10e. What specific aspects of them or me or our past together have generated these feelings and needs?

11a. Do I consciously know what I want?
11b. If not, what do I believe I want?
11c. In what way do the actions arising from the real and believed wants interact or alternate?

October 20:
As per my class assignment, I went to go see Beauty and the Beast at my community college. Considering that I’ve already seen the play last year (Broadway touring version) and this summer (outdoor theater version) and the live-action movie twice within the last year, I hadn’t had plans on seeing a third version*, but it was heavily pressed that we go see plays at our school if possible, and I wasn’t doing much that weekend, so okay, fine.
It was done really well, I gotta say. THE COSTUMES WERE AMAZING. Now, I know someone who’s been taking costume design classes over there and raving about it, but seriously, these people were in freaking brocades. And fancy bodies. And patterned fabrics. And I wish I could show you a photo of Mrs. Potts’s costume because the whole “teapot” shape was made from really fancy large round pleats. I couldn’t even! It was amazing! About the only thing that wasn’t so amazing was the Beast’s head--he kinda looked like a walking hairball--but I think they did it as they did so you could see his face. Ah well. Also, bonus points for casting a buff ex-jock with actual giant arms as Gaston. Damn, those guns, boy! Yes, the acting and singing were well done too.

* (heck, I think a fourth version is playing in another town now, but I ain’t schlepping)

October 23:
Class #3. Today we were talking about scoring scripts, or writing up all the instructions and things you’re going to do on them. In addition to stuff like your blocking and drawing a floor plan, you’re also supposed to divide your scene into beats (topic changes, basically), identify the climax, and write out the tactics that you’re going to play. The interesting thing on the tactics? There’s a new tactic, according to him, per punctuation. Not even per sentence, per punctuation. Daaaaaaaang. (My scene partners were trying to figure out what to do with “Barbara, Barbara, Barbara”--we eventually elected to have me doing something or other on the couch and they had to yell to get my attention. I knit in one scene and put lipstick on in another.)
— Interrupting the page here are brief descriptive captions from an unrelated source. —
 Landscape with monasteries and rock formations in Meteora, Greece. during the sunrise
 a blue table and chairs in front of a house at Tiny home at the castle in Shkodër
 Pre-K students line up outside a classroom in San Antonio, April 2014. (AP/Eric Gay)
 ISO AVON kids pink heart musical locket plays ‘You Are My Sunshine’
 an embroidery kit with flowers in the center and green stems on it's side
* Beats = any time you have a new objective/obstacle
* French scenes--when anyone enters/exits--energy changes and makes you feel different
* Superobjective: whole play
* Scene objective
* Your objective changes a lot
* The most important acting elements are the objectives or obstacles change as the scene/play progresses?
* Be 100% into what you are doing, take whatever the director gives and take it further.
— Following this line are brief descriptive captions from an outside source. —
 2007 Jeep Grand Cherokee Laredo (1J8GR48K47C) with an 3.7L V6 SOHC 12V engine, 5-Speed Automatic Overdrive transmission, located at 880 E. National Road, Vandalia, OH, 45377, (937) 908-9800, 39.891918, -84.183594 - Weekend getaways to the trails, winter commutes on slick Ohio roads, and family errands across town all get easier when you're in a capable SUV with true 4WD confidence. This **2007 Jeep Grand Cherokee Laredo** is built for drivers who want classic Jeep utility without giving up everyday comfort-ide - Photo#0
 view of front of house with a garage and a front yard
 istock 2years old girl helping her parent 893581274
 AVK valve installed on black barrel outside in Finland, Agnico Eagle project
This is all the stuff you’re supposed to do when scoring a script:
* write down all the beats and the climax
* write in your blocking
* write in your tactics-what you’re going to play on every bit of punctuation. Follow your punctuation--it clarifies/separates thoughts. He hopes you improvise tactics onstage every night. Tactics are something like “to announce,” “to hurry,” “to soothe,” “to recoil.” Write them down so you know your options and can practice.
** Two types of tactics--reward and punishing.
* action cues--do you do what you do next based on a previous action or line?
** Two types of cues--line cue and previous line, external (like looking at a clock) or internal (I feel sick).

October 25:
Class #4: we had a quiz. Turns out he writes out quizzes with sentences and fill-in-the-blanks.
He made us do a lot of having to stare at a partner (like 4 minutes of it, probably, like the infamous 36 Questions), look at stuff like their feet or whatever for a long time, doing mirroring actions with each other, and having to imagine our partner basically from infancy to death. For some disturbing reason I started crying during this--out of one eye--which was really freaky and I can’t even explain it. SO EMBARRASSING.
Oh yeah, he also likes to make people talk in gibberish. I’m still not sure what that’s all about.

Lecture notes:
* Actor is judged by choices
* Objective is what the characters want
* Your thinking - inner monologue, onstage thinking, talking to yourself
* You want anything that will stimulate you onstage.

After that, I rehearsed with my scene partners, which felt pretty short. I wish we had more time to actually work on these things.